Showing opposition to the DAPL and support for activists protesting it, the Santa Monica City Council moved forward with plans to end the City’s banking relationship with Wells Fargo bank.
Snata Monica Next reported that, The City Council voted 5-to-0 to support divesting Santa Monica from Wells Fargo. Council members Sue Himmelrich and Pam O’Connor were not present for the vote. Himmelrich recused herself from the vote because she said she has represented Wells Fargo in the past and her husband currently represents Wells Fargo. The City currently has $1 billion in annual transactions with the bank, including deposits and payments, according to spokeswoman Constance Farrell. Santa Monica’s investment portfolio includes $4.6 million in Wells Fargo bonds.

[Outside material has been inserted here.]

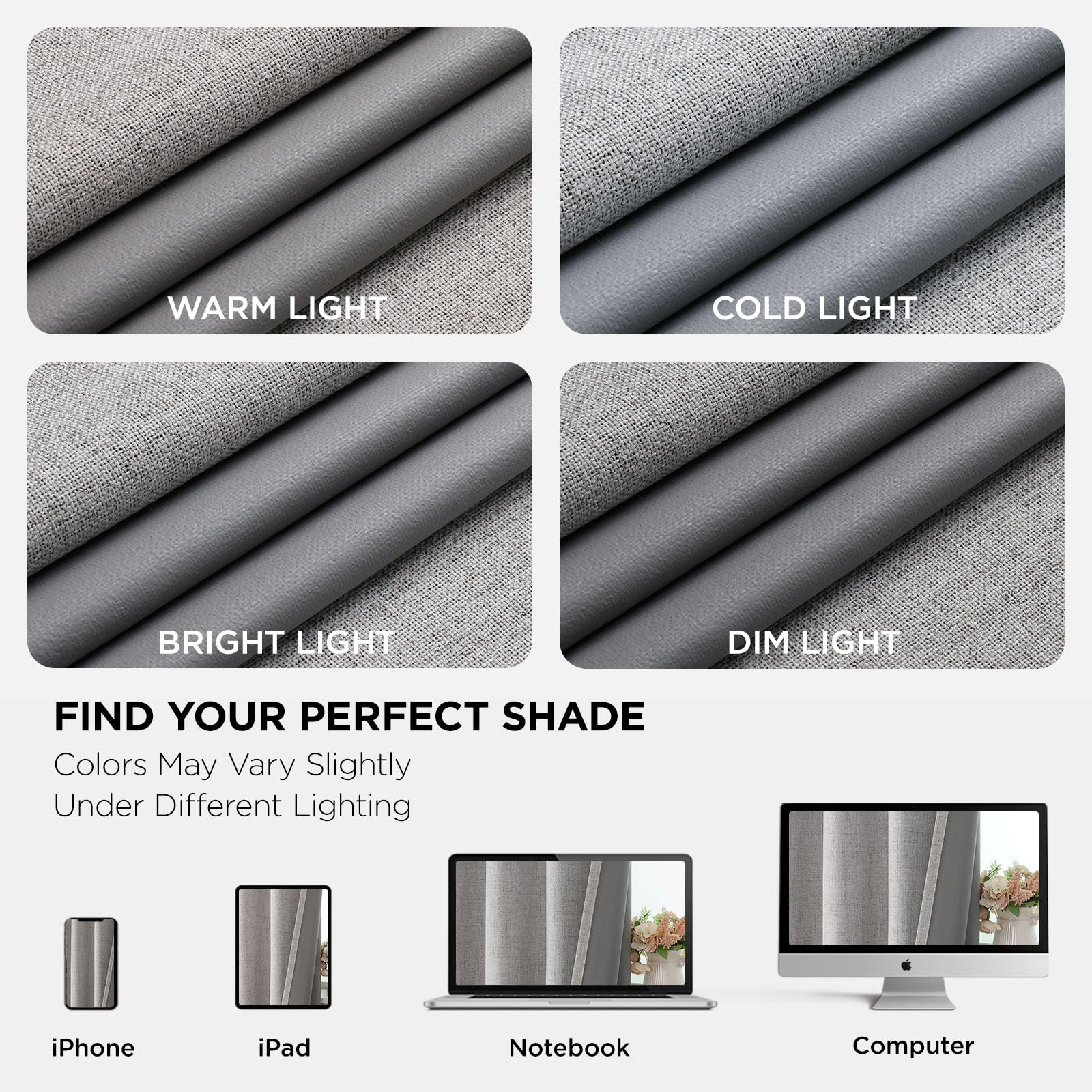 Joydeco 100% Blackout Curtains 2 Panels for Living Room - Linen Black Out Curtains 84 Inch Long Room Darkening Opaque Curtains for Bedroom, Thermal Insulated Drapes Privacy Protection 2 Panels Set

During a midnight discussion and a lengthy public comment period, Mayor Ted Winterer reminded supporters of the divestment that applause is forbidden at City Council meetings, so when five out of seven members voted to move forward with the motion a wave of jazz hands shot up into the air – a vigorous sign of approval from attendees who pushed for the motion into the early morning hours, reported Santa Monica Daily Press.
“I’ve been to Standing Rock twice. I was on the frontline every time. It made me very angry to see my people treated in such a manner,” said Walter Ruiz, also known as Graywolf. Ruiz was one of 25 activists who spoke to encourage the city to cut ties with Wells Fargo. He runs the Chumash Indian Museum in Thousand Oaks.

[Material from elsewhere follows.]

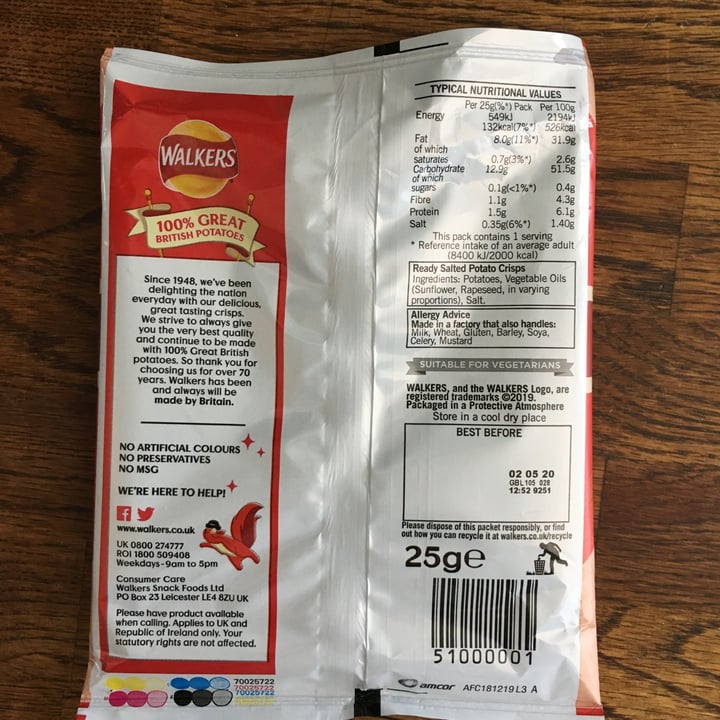 photo of Walkers Ready salted crisps shared by @selene00 on  25 Apr 2020 - review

“I’ve always heard that Santa Monica was a very progressive city but I didn’t realize how progressive. I am surprised.”
City Manager Rick Cole said the City’s finance department will look into removing funds from Wells Fargo and issuing a Request for Proposal (RFP) to other banks. A new RFP is scheduled for spring 2018 but may be expedited.
Below is a list of the banks that are funding the pipeline:
Besides the nationwide protests against the DAPL, protesters have also encouraged people, businesses, and cities to divest from creditors supporting the pipeline. So far two other West Coast cities, Seattle and Davis, have decided to divest from Wells Fargo.
“If you’re paying any attention to national media today or in fact global, you know one of the most symbolic fights for our future is happening at Standing Rock over the Dakota Access Pipeline,” said Terry O’Day, one of the Santa Monica council members responsible for the motion to divest. “It is a fight over sovereignty and respect for native people. It is a fight over the respect of humanity and the future of humanity.”
Hopefully this trend will continue and more cities, organizations, and people will pull their money away from companies that fund operations like DAPL. Taking your money from the lending institutions is an easy way to fight for the oppressed people of the Standing Rock Sioux that are having their sacred lands desecrated and are being severely beaten by an abusive police force.